── Extracted data
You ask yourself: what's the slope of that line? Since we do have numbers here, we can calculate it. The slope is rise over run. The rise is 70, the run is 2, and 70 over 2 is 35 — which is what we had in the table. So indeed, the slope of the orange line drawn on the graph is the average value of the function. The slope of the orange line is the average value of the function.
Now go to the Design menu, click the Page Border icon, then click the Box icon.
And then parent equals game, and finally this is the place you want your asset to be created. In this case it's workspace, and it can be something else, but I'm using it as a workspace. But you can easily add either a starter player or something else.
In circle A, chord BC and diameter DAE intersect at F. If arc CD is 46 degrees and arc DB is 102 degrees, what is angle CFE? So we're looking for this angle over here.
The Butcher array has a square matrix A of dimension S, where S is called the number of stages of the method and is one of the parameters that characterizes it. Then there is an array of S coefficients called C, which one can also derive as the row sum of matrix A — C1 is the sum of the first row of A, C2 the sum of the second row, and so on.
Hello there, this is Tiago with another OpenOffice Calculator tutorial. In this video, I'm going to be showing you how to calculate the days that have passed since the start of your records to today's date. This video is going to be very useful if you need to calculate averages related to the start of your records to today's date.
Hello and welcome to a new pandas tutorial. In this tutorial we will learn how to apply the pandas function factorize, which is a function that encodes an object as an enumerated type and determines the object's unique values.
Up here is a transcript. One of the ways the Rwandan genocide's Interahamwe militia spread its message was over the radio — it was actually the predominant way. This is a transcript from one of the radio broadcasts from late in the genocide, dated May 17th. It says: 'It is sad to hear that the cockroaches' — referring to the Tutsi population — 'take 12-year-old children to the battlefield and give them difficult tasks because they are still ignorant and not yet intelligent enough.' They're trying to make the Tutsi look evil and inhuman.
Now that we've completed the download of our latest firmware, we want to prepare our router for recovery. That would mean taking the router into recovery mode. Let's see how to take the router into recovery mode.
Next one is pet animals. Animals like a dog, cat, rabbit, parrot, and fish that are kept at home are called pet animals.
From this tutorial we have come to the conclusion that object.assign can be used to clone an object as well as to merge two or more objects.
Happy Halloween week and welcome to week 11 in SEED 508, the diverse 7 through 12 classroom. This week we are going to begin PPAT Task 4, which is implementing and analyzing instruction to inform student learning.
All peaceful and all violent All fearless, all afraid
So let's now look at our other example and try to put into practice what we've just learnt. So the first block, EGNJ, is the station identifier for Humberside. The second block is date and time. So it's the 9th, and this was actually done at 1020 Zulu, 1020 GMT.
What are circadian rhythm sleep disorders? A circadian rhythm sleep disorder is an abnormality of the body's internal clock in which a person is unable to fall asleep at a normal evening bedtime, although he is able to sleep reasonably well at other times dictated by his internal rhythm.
────
── Extracted data
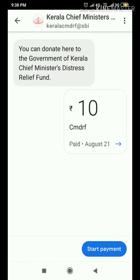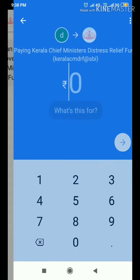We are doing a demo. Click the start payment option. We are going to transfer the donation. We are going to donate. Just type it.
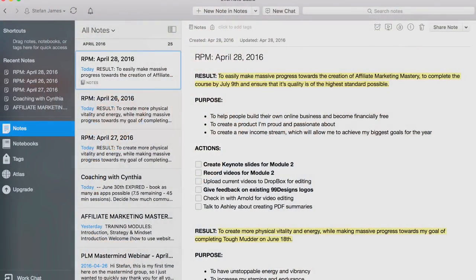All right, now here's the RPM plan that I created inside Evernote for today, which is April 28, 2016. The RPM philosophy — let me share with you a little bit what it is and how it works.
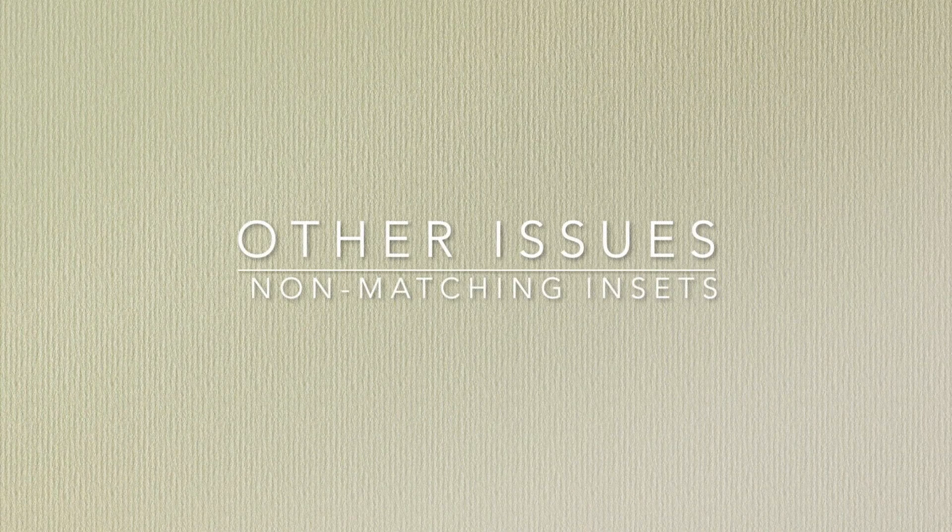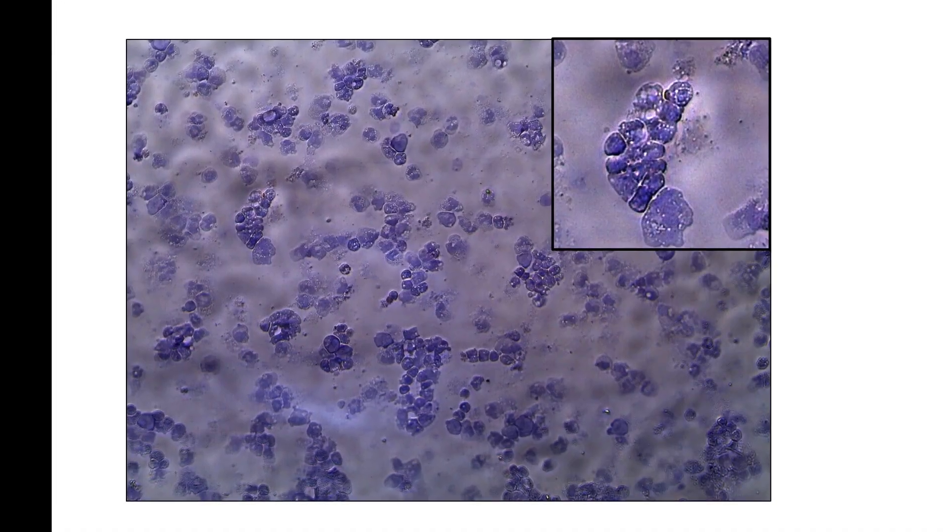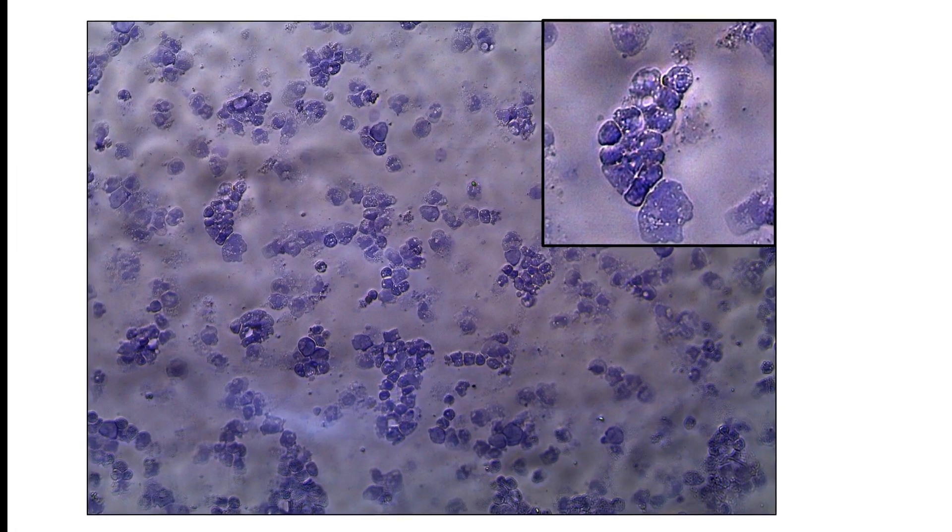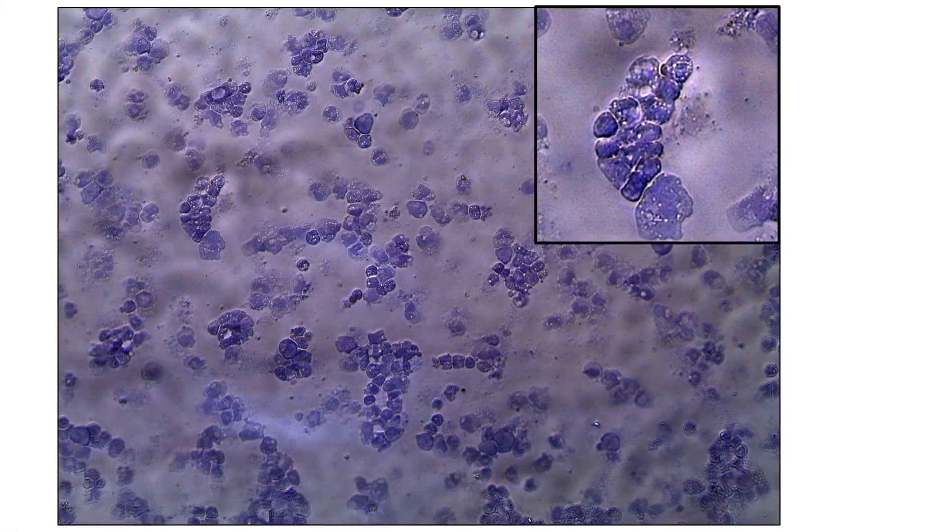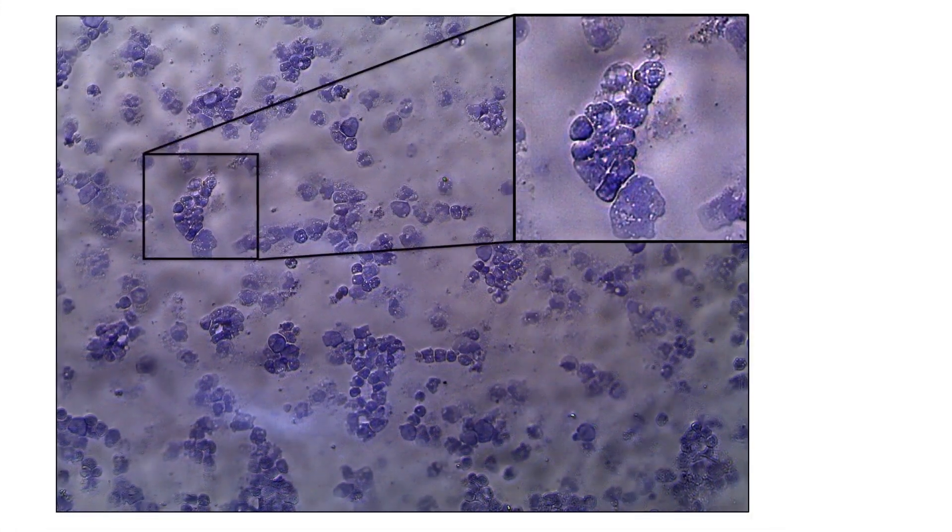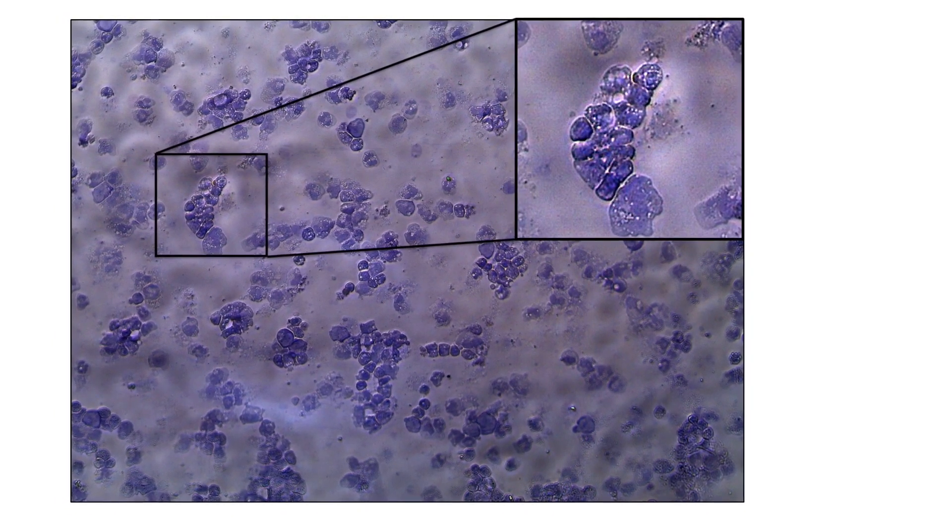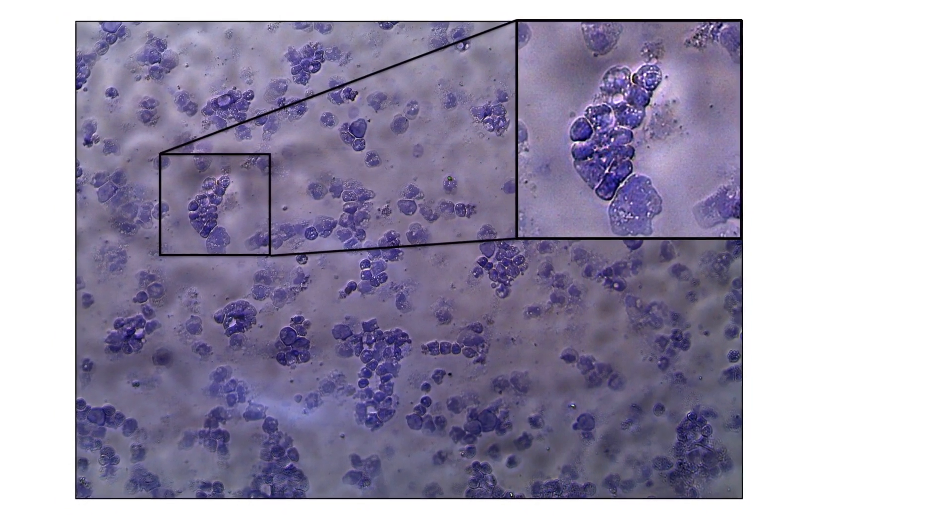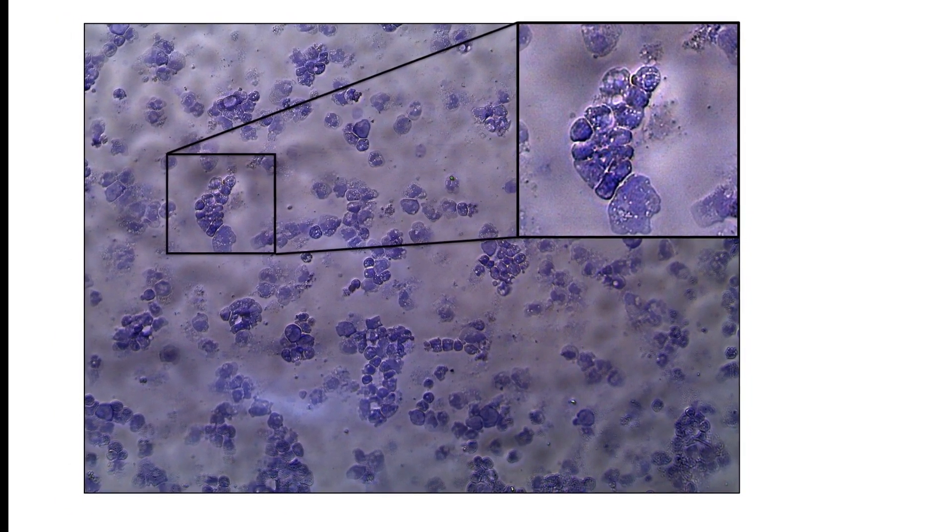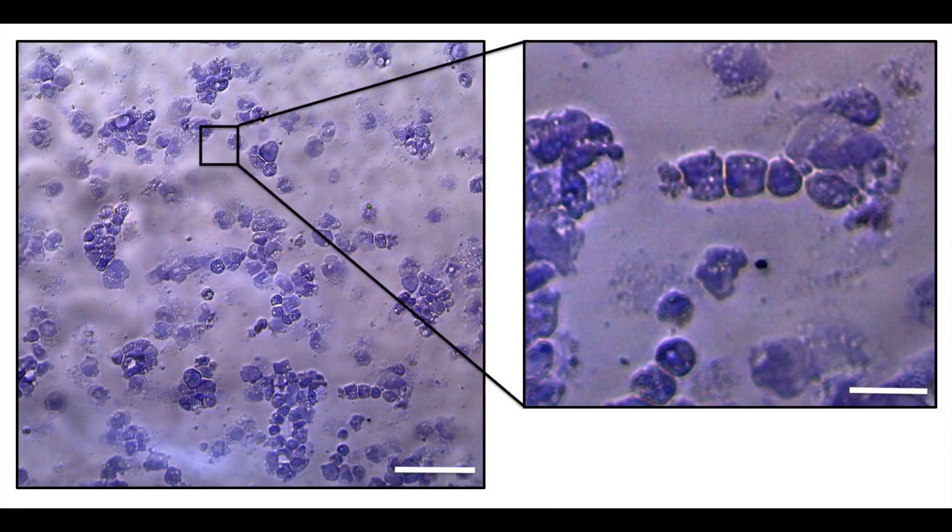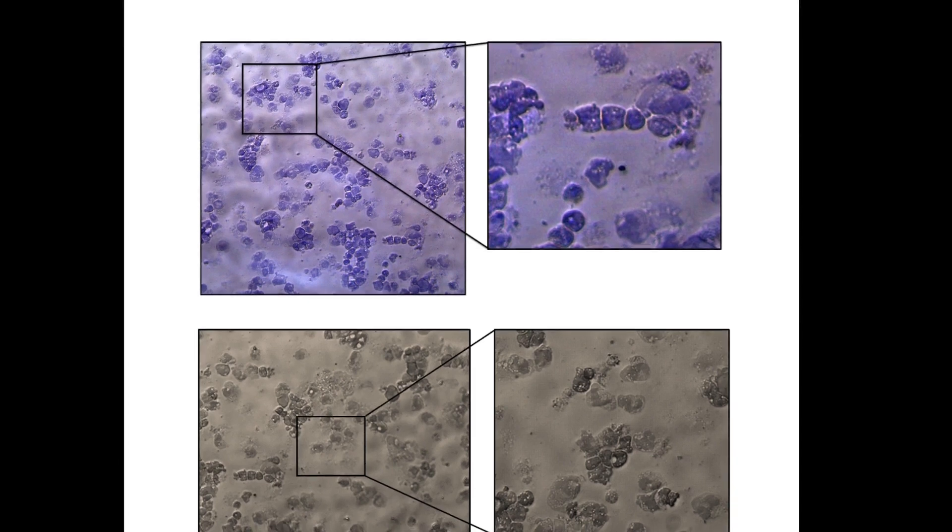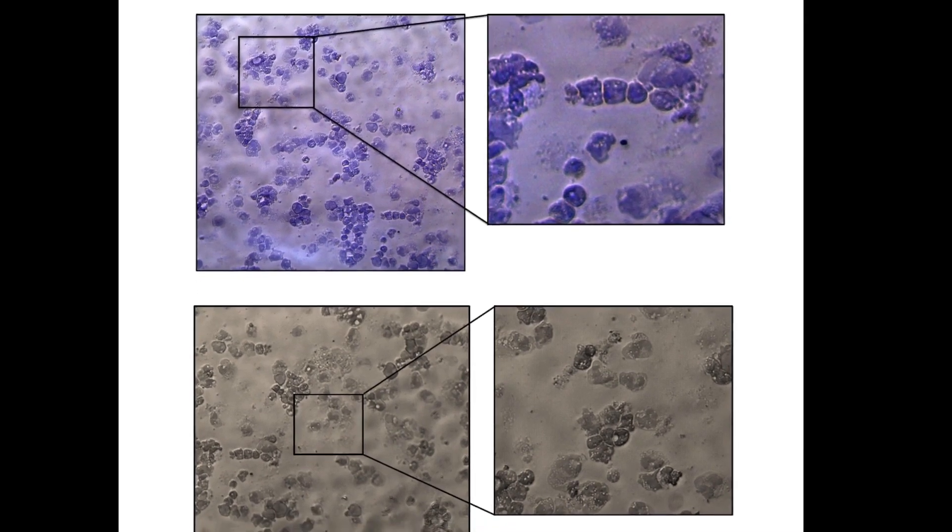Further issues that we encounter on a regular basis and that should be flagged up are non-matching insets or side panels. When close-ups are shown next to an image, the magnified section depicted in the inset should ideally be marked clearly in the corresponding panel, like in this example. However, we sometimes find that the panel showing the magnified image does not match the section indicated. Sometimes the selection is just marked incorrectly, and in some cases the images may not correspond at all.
────
Task details: Your reply is to repeat, unchanged, the lines above running from the one with "You ask yourself: what's" up to and including the one with "Now go to the".

Response for this exercise:
You ask yourself: what's the slope of that line? Since we do have numbers here, we can calculate it. The slope is rise over run. The rise is 70, the run is 2, and 70 over 2 is 35 — which is what we had in the table. So indeed, the slope of the orange line drawn on the graph is the average value of the function. The slope of the orange line is the average value of the function.
Now go to the Design menu, click the Page Border icon, then click the Box icon.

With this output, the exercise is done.